Why Icahn Is Wrong On Apple
Since August, Carl Icahn has accumulated a large position in Apple (NASDAQ: AAPL), and he has not been afraid to let everyone know it. Almost every tweet he makes about the stock has added billions of dollars in market cap to the company.
His first position disclosure on August 13 had by far the biggest impact, driving the price from $467 to $489.
Although Apple briefly traded down to $450, it is hard to argue that it was not a great call by Icahn, as the shares traded up to $575 in late December. But the share price has come under some significant pressure as of late.
Every stock needs a catalyst, both short-term and long-term.

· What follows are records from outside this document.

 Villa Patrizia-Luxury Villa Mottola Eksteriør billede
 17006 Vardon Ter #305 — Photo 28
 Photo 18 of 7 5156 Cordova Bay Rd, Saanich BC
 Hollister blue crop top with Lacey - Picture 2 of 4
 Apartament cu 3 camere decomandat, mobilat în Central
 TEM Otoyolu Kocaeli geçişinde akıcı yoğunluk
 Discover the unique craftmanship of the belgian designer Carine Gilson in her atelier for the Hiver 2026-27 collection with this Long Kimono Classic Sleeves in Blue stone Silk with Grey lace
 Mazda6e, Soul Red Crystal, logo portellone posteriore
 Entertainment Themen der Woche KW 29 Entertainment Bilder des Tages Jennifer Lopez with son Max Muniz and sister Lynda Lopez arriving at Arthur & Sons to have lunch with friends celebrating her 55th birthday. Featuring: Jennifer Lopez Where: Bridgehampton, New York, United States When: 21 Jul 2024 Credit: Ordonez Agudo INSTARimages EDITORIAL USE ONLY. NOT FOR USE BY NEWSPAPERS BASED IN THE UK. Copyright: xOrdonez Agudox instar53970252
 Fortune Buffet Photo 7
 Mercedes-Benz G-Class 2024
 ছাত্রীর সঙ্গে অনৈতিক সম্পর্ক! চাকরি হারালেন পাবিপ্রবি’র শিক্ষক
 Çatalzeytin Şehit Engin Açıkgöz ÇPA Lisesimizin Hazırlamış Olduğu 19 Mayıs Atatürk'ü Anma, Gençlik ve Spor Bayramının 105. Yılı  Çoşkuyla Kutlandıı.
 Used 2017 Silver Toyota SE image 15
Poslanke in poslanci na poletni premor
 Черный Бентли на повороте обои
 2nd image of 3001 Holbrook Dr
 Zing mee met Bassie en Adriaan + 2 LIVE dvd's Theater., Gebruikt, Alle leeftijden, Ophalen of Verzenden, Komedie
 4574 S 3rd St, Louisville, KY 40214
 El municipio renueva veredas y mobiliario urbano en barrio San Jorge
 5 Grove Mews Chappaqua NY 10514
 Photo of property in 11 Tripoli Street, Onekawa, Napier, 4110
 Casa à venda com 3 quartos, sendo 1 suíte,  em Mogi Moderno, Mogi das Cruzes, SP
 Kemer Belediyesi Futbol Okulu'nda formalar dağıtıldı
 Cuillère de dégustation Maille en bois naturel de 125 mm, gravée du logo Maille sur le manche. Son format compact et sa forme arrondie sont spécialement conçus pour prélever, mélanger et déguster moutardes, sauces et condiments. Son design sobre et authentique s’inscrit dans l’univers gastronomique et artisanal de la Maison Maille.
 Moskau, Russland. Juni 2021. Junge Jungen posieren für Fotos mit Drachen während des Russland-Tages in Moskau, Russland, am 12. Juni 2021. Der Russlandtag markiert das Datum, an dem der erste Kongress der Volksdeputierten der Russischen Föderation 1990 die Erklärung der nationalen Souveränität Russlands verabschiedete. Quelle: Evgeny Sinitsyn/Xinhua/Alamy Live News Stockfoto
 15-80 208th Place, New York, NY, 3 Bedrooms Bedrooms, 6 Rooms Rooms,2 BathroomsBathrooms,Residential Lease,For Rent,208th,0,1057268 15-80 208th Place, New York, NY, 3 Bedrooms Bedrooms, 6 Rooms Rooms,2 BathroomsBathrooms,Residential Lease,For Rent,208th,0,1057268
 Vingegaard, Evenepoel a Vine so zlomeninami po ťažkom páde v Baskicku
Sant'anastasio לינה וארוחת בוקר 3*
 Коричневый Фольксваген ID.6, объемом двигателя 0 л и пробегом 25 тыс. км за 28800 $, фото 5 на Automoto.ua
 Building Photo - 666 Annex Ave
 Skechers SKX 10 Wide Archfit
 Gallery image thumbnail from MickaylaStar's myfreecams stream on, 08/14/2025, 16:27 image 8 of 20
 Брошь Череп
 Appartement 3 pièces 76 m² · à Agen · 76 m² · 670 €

While Icahn’s non-stop banter for as much as a $150 billion stock buyback has provided a short-term catalyst, the effects of the Icahn banter have been waning. And it is not that easy to identify a long-term catalyst.
Related: What Spooked The market?
For years, Apple was the king of innovation. From iTunes to the iPhone to the iPad, new products propelled this stock to highs of $705. But all of these products were the brainchild of its late founder, Steve Jobs. The iconic figure, who did not allow the company to expand into China during his tenure, may have recognized the need for catalysts after his passing, and all along knew that expansion into China would add to the bottom-line for the company. This measure could be used as a temporary holdover, while it struggled to innovate.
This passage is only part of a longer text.